(Pictures with short captions)

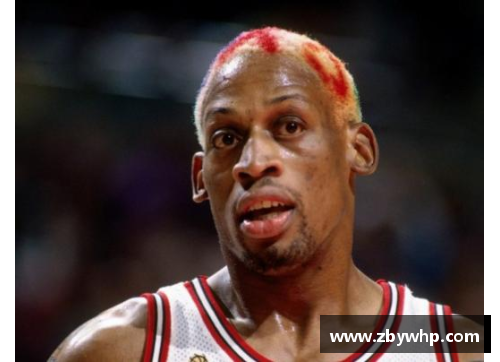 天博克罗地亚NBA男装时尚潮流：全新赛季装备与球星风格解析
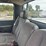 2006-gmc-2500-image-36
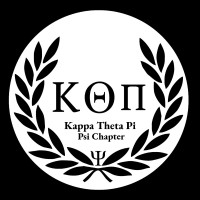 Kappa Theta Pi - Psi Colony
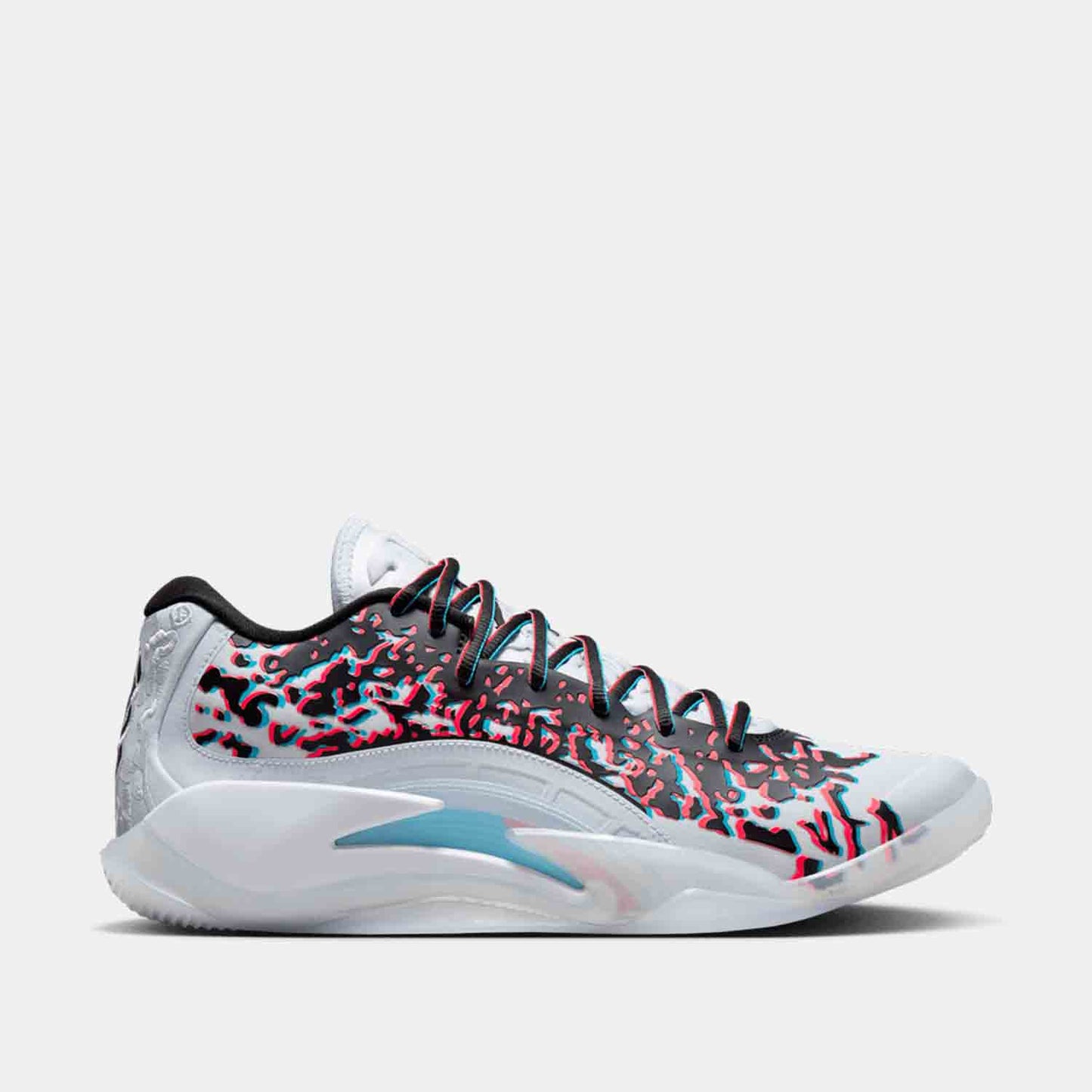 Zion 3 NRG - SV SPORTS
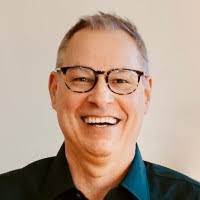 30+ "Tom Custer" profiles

▶ **WHAT TO WORK ON**
Each record above should be repeated exactly, please, without pictures.

▶ **ANSWER FOR THE TASK**
 天博克罗地亚NBA男装时尚潮流：全新赛季装备与球星风格解析
 2006-gmc-2500-image-36
 Kappa Theta Pi - Psi Colony
 Zion 3 NRG - SV SPORTS
 30+ "Tom Custer" profiles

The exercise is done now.